»»
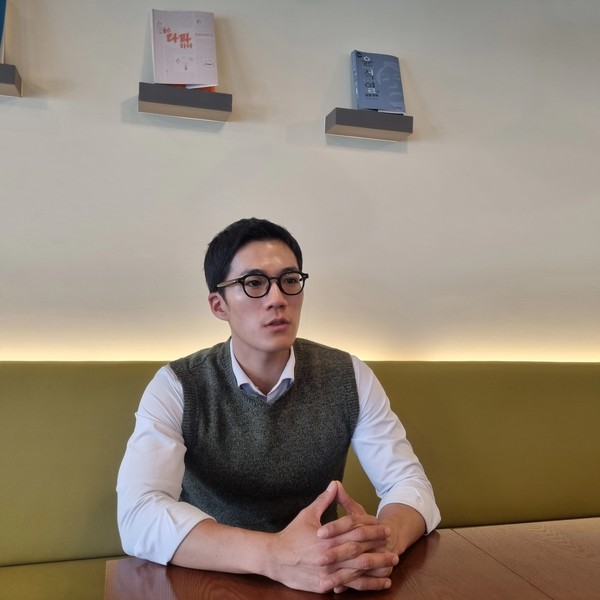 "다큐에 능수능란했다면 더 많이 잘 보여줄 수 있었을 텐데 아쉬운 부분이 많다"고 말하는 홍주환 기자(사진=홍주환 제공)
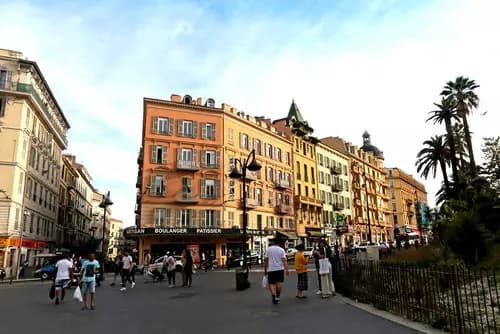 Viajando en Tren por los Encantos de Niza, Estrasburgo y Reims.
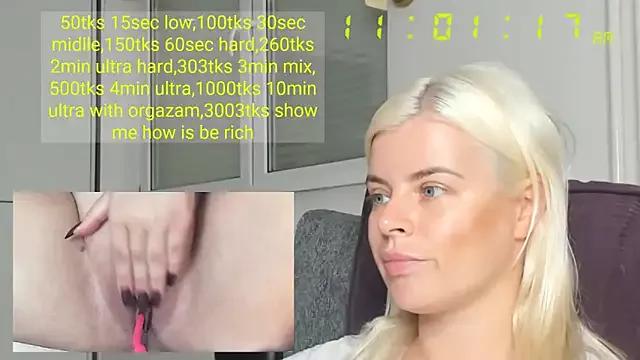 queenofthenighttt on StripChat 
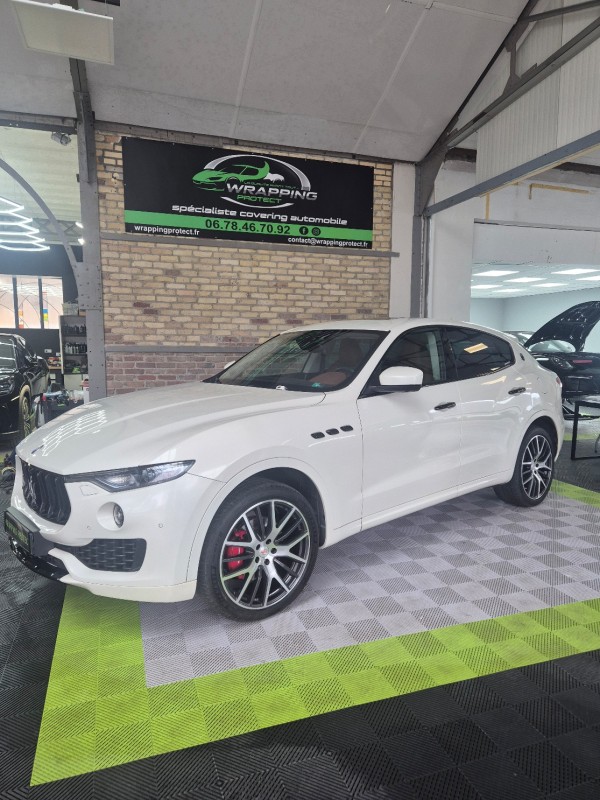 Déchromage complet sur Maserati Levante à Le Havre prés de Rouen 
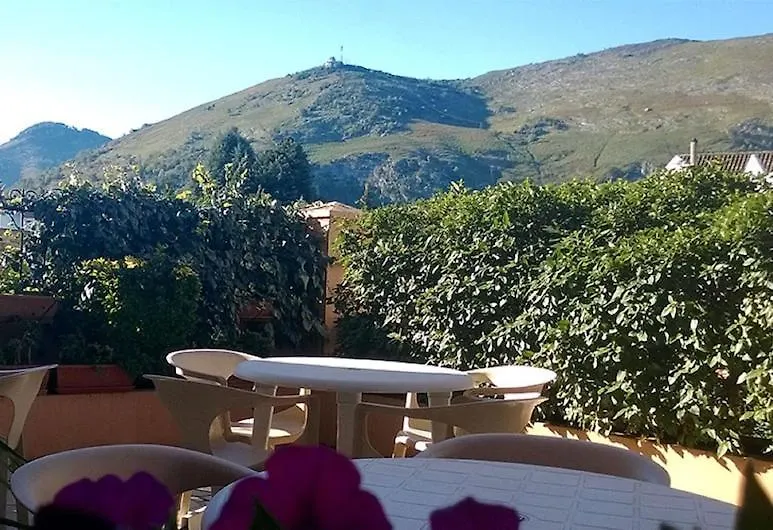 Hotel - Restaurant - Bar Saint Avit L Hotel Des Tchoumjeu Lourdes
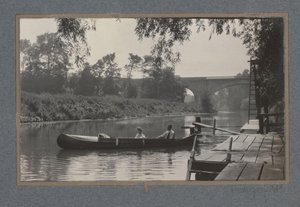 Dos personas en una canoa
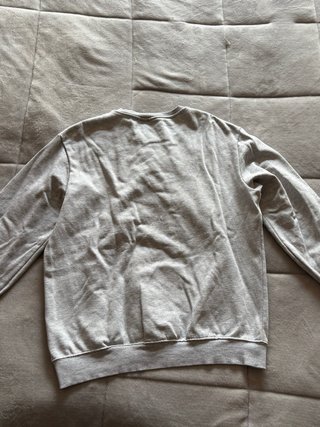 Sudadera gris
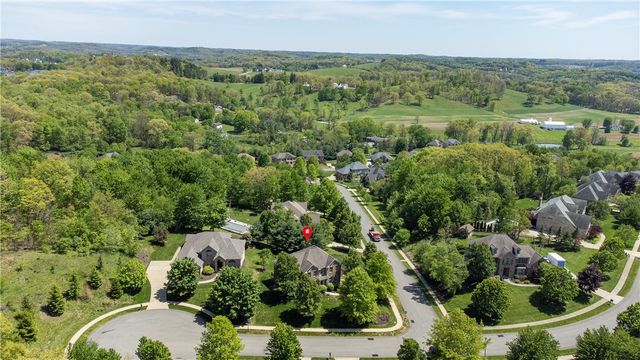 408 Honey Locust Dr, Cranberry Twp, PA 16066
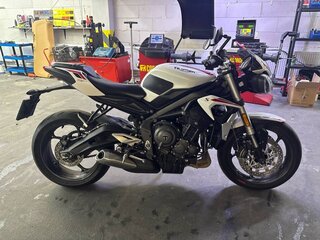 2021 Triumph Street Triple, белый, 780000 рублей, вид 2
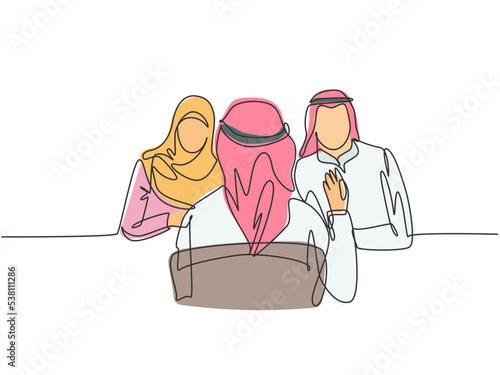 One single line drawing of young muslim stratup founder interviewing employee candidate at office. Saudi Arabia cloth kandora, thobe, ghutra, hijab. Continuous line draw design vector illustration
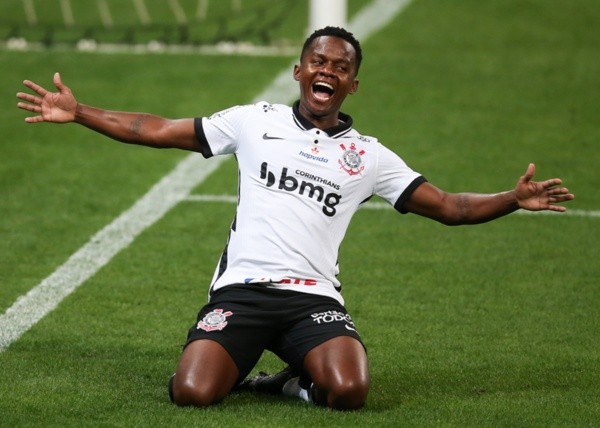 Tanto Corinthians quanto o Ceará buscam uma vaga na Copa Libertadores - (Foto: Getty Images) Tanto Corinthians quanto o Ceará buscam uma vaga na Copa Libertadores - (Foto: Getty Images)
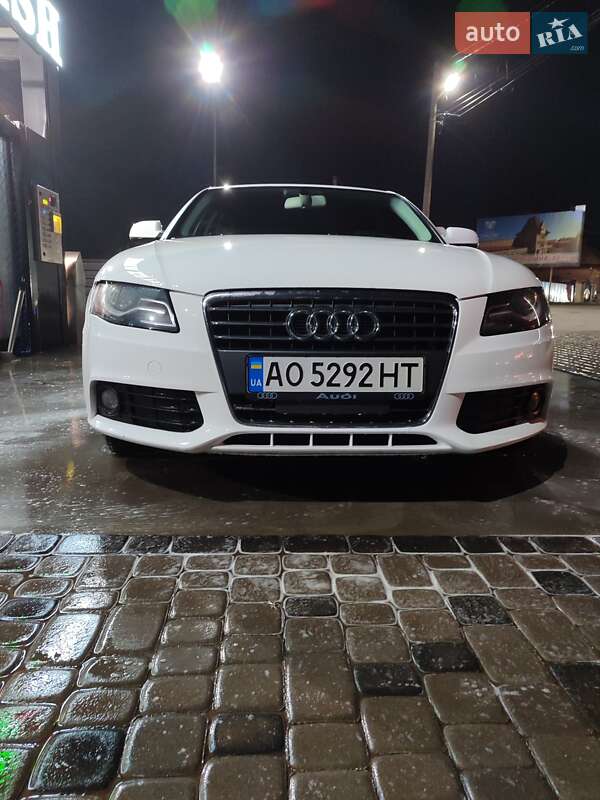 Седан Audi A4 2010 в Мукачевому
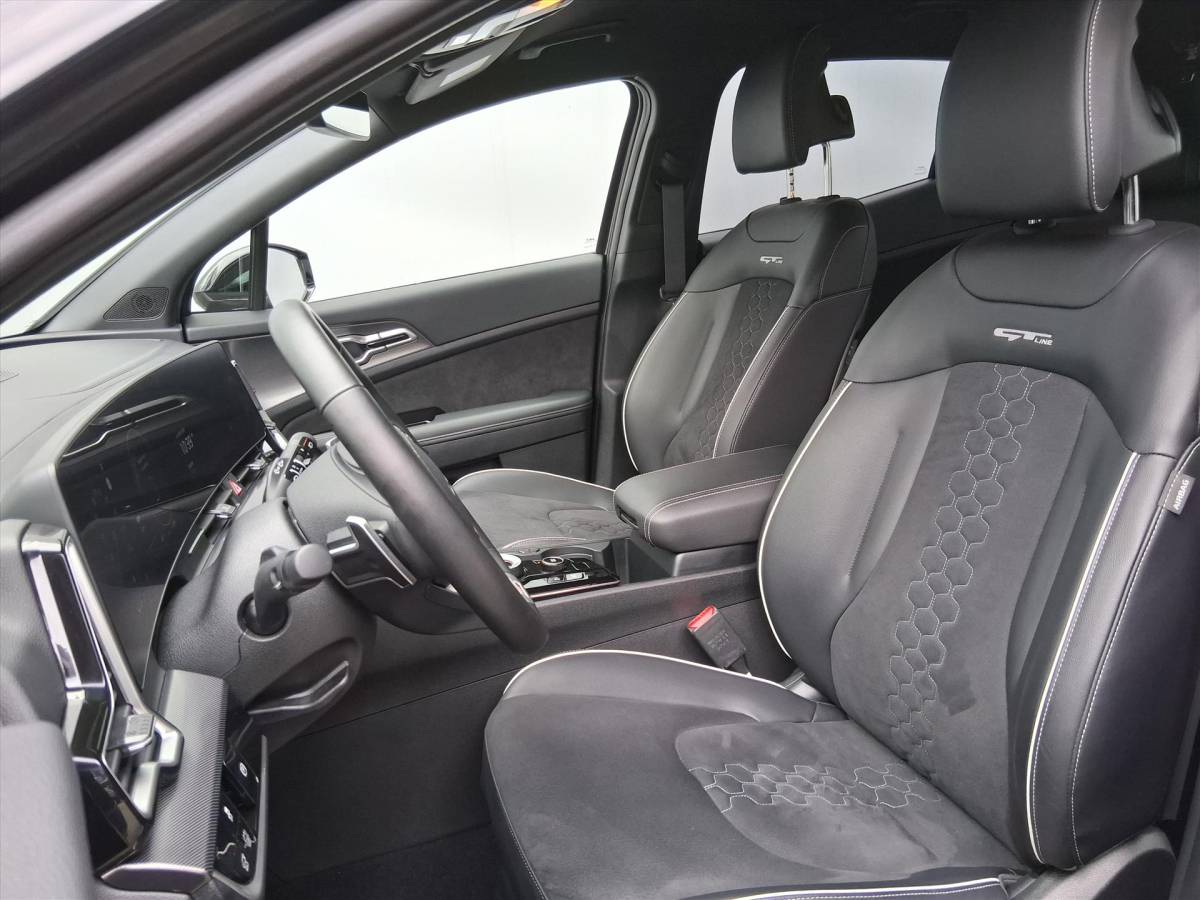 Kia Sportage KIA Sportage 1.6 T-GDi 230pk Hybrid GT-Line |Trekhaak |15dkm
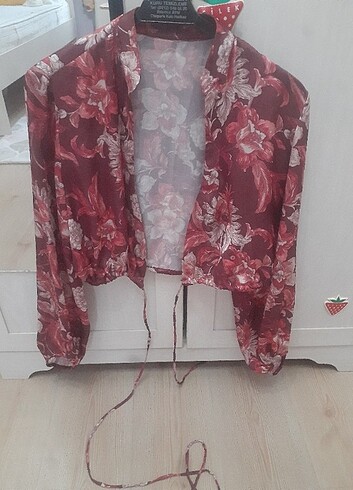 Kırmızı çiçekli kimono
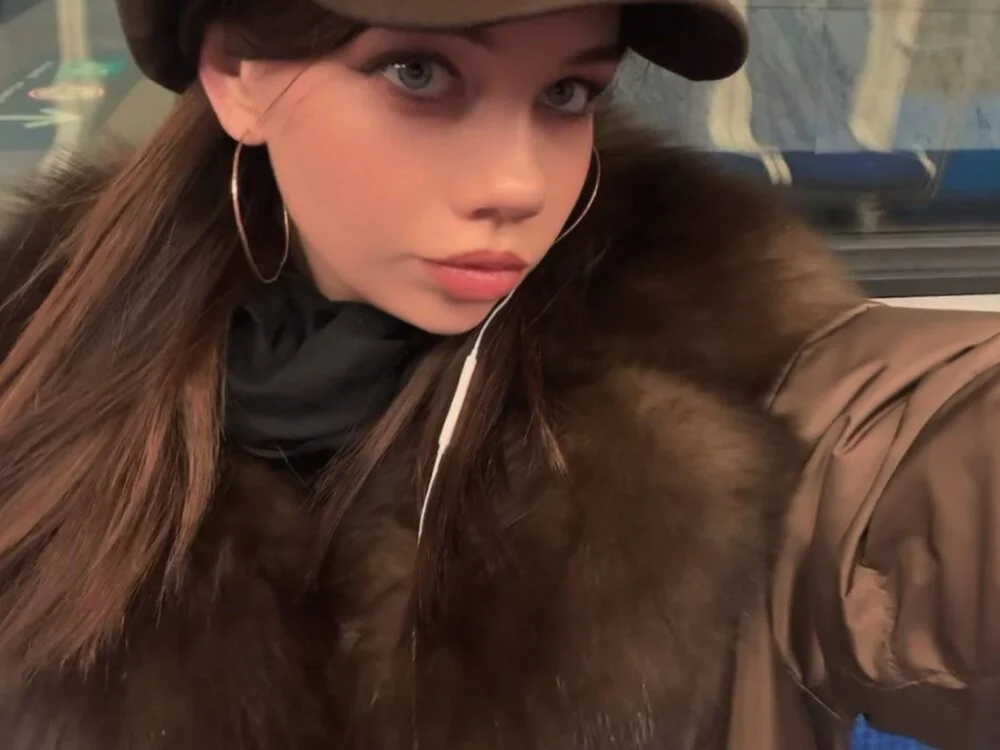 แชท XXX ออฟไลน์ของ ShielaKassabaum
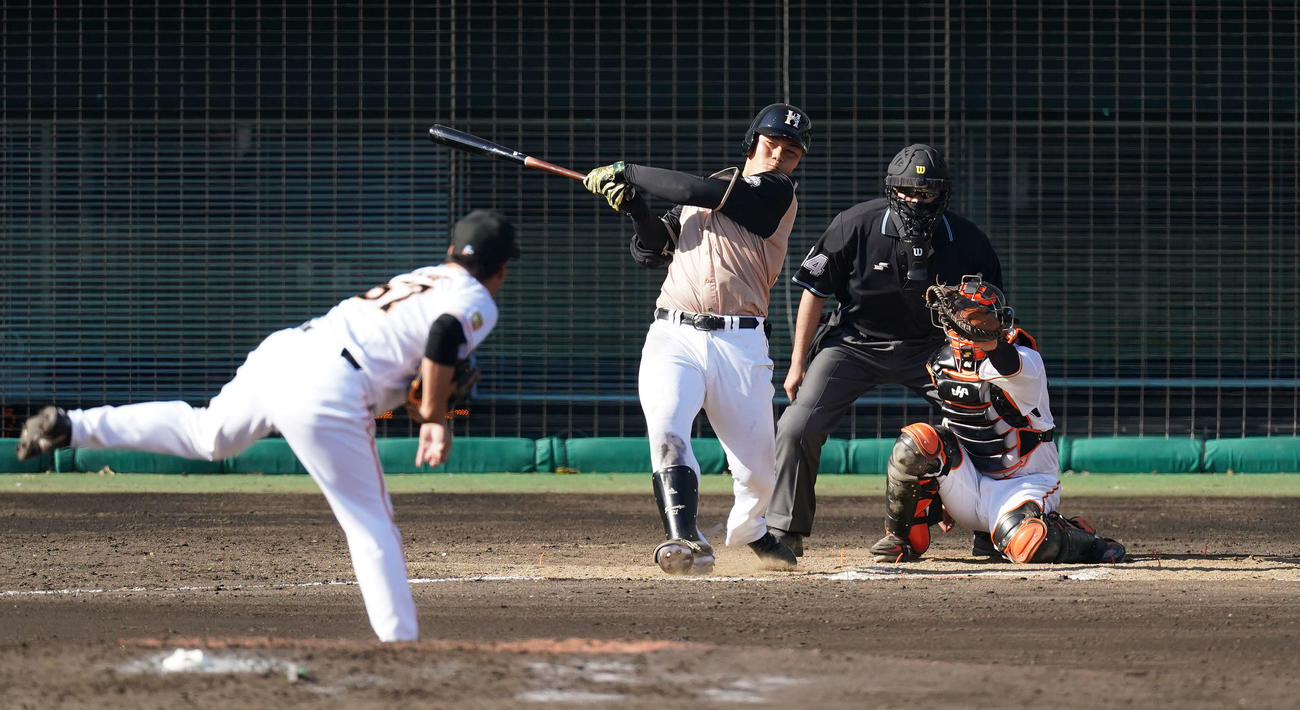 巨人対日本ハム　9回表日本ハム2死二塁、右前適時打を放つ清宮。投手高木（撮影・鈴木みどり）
««
Assignment> Quote word for word only the lines above from the one containing "One single line" through the one containing "แชท XXX ออฟไลน์ของ ShielaKassabaum". Pictures stay out of your copy.

Output below>
 One single line drawing of young muslim stratup founder interviewing employee candidate at office. Saudi Arabia cloth kandora, thobe, ghutra, hijab. Continuous line draw design vector illustration
 Tanto Corinthians quanto o Ceará buscam uma vaga na Copa Libertadores - (Foto: Getty Images) Tanto Corinthians quanto o Ceará buscam uma vaga na Copa Libertadores - (Foto: Getty Images)
 Седан Audi A4 2010 в Мукачевому
 Kia Sportage KIA Sportage 1.6 T-GDi 230pk Hybrid GT-Line |Trekhaak |15dkm
 Kırmızı çiçekli kimono
 แชท XXX ออฟไลน์ของ ShielaKassabaum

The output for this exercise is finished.